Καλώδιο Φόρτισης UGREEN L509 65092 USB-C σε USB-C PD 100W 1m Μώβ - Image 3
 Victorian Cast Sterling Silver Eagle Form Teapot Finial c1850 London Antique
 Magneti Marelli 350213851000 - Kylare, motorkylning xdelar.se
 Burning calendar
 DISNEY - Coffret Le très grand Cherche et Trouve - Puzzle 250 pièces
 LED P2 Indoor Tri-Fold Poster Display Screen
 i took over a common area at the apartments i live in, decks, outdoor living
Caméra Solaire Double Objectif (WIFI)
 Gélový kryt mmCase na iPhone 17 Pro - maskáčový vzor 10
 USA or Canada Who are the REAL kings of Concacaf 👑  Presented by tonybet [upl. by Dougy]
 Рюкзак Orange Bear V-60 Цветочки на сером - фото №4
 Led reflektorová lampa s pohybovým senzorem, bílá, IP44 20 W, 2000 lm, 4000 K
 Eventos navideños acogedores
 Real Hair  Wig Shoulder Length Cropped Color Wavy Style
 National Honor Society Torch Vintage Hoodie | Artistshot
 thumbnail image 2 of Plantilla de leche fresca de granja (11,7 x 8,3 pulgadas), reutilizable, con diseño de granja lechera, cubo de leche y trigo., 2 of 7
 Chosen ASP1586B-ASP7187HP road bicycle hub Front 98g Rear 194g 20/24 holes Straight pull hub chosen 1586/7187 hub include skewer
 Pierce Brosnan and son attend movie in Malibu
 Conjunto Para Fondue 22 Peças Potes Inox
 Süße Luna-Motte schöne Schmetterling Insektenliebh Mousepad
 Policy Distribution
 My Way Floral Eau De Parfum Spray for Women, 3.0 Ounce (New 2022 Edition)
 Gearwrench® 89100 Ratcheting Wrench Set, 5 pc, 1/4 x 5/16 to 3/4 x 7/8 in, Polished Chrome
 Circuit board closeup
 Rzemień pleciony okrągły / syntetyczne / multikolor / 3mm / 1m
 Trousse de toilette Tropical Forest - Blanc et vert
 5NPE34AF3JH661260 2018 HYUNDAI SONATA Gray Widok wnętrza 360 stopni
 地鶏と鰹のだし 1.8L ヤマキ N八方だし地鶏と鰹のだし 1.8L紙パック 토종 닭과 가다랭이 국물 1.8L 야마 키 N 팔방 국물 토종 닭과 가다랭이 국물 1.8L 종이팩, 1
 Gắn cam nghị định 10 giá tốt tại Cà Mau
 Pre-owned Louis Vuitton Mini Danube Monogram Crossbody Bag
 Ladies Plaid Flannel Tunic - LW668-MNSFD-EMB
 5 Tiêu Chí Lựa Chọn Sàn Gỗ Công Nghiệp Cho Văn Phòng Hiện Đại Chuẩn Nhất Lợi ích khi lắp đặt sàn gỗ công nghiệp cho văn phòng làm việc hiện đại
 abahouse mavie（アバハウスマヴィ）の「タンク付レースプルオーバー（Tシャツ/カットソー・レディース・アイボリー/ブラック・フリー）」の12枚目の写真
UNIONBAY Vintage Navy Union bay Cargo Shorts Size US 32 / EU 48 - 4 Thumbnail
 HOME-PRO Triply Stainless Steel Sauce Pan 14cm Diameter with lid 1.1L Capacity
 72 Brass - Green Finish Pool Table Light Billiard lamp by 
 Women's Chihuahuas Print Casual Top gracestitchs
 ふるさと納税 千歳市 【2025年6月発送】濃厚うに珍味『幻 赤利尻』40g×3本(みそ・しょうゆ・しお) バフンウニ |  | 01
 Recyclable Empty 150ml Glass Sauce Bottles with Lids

------------------------------------------------------------

**Work task**
The entries above should be copied out exactly, with none left out.

**Exercise response**
Καλώδιο Φόρτισης UGREEN L509 65092 USB-C σε USB-C PD 100W 1m Μώβ - Image 3
 Victorian Cast Sterling Silver Eagle Form Teapot Finial c1850 London Antique
 Magneti Marelli 350213851000 - Kylare, motorkylning xdelar.se
 Burning calendar
 DISNEY - Coffret Le très grand Cherche et Trouve - Puzzle 250 pièces
 LED P2 Indoor Tri-Fold Poster Display Screen
 i took over a common area at the apartments i live in, decks, outdoor living
Caméra Solaire Double Objectif (WIFI)
 Gélový kryt mmCase na iPhone 17 Pro - maskáčový vzor 10
 USA or Canada Who are the REAL kings of Concacaf 👑  Presented by tonybet [upl. by Dougy]
 Рюкзак Orange Bear V-60 Цветочки на сером - фото №4
 Led reflektorová lampa s pohybovým senzorem, bílá, IP44 20 W, 2000 lm, 4000 K
 Eventos navideños acogedores
 Real Hair  Wig Shoulder Length Cropped Color Wavy Style
 National Honor Society Torch Vintage Hoodie | Artistshot
 thumbnail image 2 of Plantilla de leche fresca de granja (11,7 x 8,3 pulgadas), reutilizable, con diseño de granja lechera, cubo de leche y trigo., 2 of 7
 Chosen ASP1586B-ASP7187HP road bicycle hub Front 98g Rear 194g 20/24 holes Straight pull hub chosen 1586/7187 hub include skewer
 Pierce Brosnan and son attend movie in Malibu
 Conjunto Para Fondue 22 Peças Potes Inox
 Süße Luna-Motte schöne Schmetterling Insektenliebh Mousepad
 Policy Distribution
 My Way Floral Eau De Parfum Spray for Women, 3.0 Ounce (New 2022 Edition)
 Gearwrench® 89100 Ratcheting Wrench Set, 5 pc, 1/4 x 5/16 to 3/4 x 7/8 in, Polished Chrome
 Circuit board closeup
 Rzemień pleciony okrągły / syntetyczne / multikolor / 3mm / 1m
 Trousse de toilette Tropical Forest - Blanc et vert
 5NPE34AF3JH661260 2018 HYUNDAI SONATA Gray Widok wnętrza 360 stopni
 地鶏と鰹のだし 1.8L ヤマキ N八方だし地鶏と鰹のだし 1.8L紙パック 토종 닭과 가다랭이 국물 1.8L 야마 키 N 팔방 국물 토종 닭과 가다랭이 국물 1.8L 종이팩, 1
 Gắn cam nghị định 10 giá tốt tại Cà Mau
 Pre-owned Louis Vuitton Mini Danube Monogram Crossbody Bag
 Ladies Plaid Flannel Tunic - LW668-MNSFD-EMB
 5 Tiêu Chí Lựa Chọn Sàn Gỗ Công Nghiệp Cho Văn Phòng Hiện Đại Chuẩn Nhất Lợi ích khi lắp đặt sàn gỗ công nghiệp cho văn phòng làm việc hiện đại
 abahouse mavie（アバハウスマヴィ）の「タンク付レースプルオーバー（Tシャツ/カットソー・レディース・アイボリー/ブラック・フリー）」の12枚目の写真
UNIONBAY Vintage Navy Union bay Cargo Shorts Size US 32 / EU 48 - 4 Thumbnail
 HOME-PRO Triply Stainless Steel Sauce Pan 14cm Diameter with lid 1.1L Capacity
 72 Brass - Green Finish Pool Table Light Billiard lamp by 
 Women's Chihuahuas Print Casual Top gracestitchs
 ふるさと納税 千歳市 【2025年6月発送】濃厚うに珍味『幻 赤利尻』40g×3本(みそ・しょうゆ・しお) バフンウニ |  | 01
 Recyclable Empty 150ml Glass Sauce Bottles with Lids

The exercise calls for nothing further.